How many times was she going to make this circuit in her head?
Until her heart bought off on the viability of a solution.
Warm hands settled on her arms.
She looked up into Dexx’s face, unsure what to expect, what she wanted, what to ask for.
He pressed a kiss onto her forehead. “Come on. Let’s go to bed. You can put Little Tike into the clothes basket for the night.”
“That’s not the worst idea.”
He raised one corner of his lips and nodded, stepping back. He pulled the clothes basket out of the corner and rearranged the towels laying in the bottom. “It’s already for him.”
“Are those clean or dirty?”
He picked up a handful and put them to his nose. “Freshly laundered. Or at least washed in the last few weeks. Or at least since the last time they were used.”
Paige sighed and laid Bobby in the basket.
He moved his head from side to side, his eyes remaining closed.
“Leslie uses your room as the clean laundry room,” Dexx said. “Usually when I’m here, you can’t even see the bed.”
“Wow.”
“Yeah, well, see what
you
do when you breed a zoo.”
Family life. For the last five years, she hadn’t even thought of it. Her mind had fled from the idea of it.

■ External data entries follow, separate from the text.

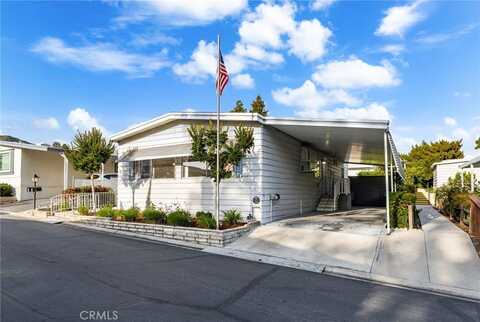 3850 Atlantic Avenue, Highland, CA 92346
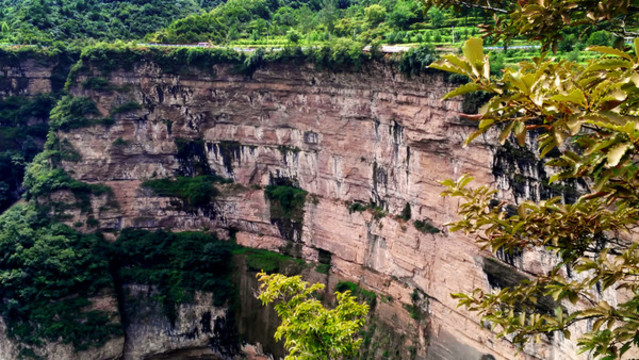 懸崖峭壁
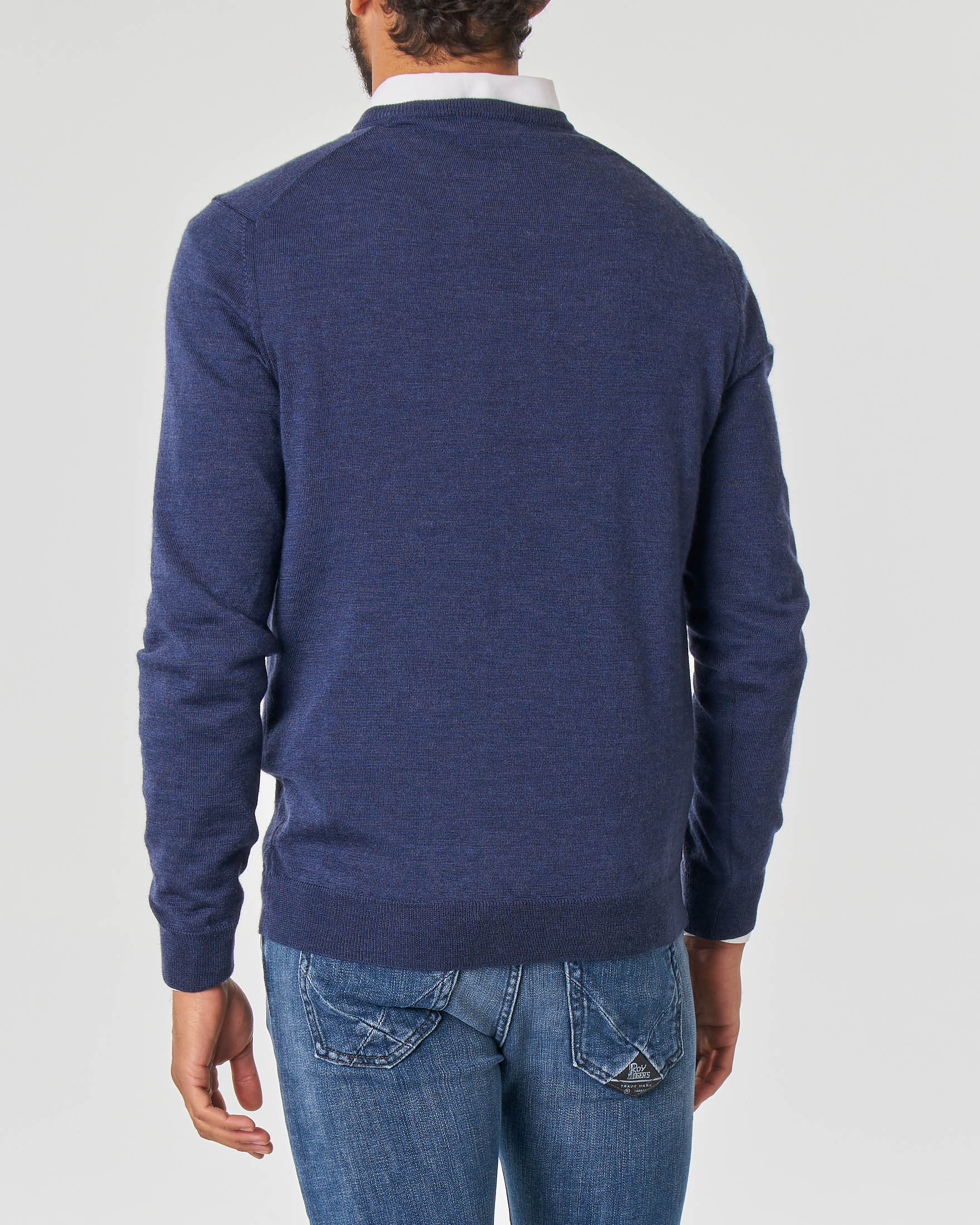 Maglia blu indaco scollo a V in lana merino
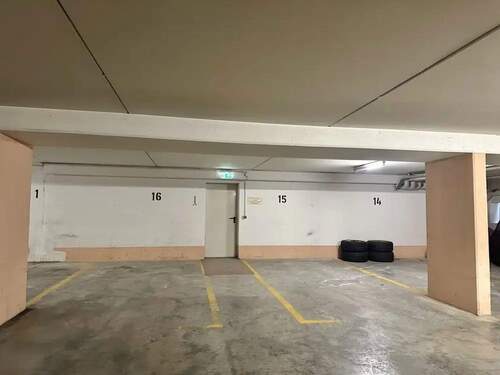 Tiefgaragenstellplatz - 
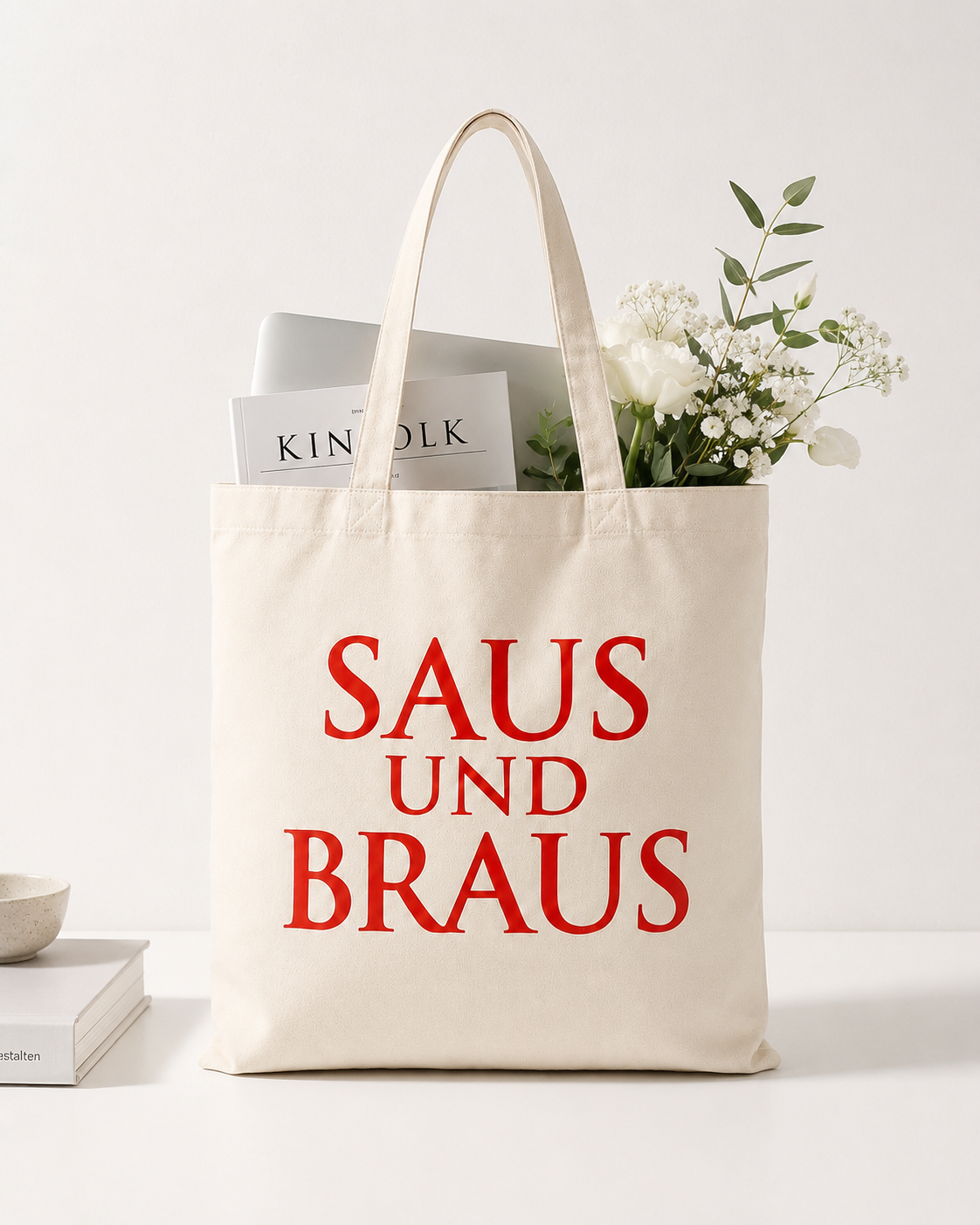 SAUS UND BRAUS Tote Bag – Natur mit Pantone-Warm-Red-Print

And now the idea terrified her.
Dexx pulled off his socks and shucked his pants. “Lay down, turn off the light, and let’s talk.”
She needed that. She dug out her toiletries and took them across the hall. With her teeth brushed, her mascara removed, and her hair brushed out, she returned back to her bedroom. A very full room.
Dexx smiled at her and headed for the bathroom, closing the door behind him.
Thank goodness. That whole peeing with the door open thing he did at Paige’s apartment was weird.
She took off her clothes, changing into a chemise. She stared at the scar on her chest that was partially hidden beneath the pale pink cloth. For all that pink was her least favorite color, she sure seemed to have an awful lot of it.
The scar, though. For as much trouble as that thing had brought to her life, she had a lot to thank Sven for. He’d given her her memories back. He’d given her her gifts back. He’d brought her back into her own life again.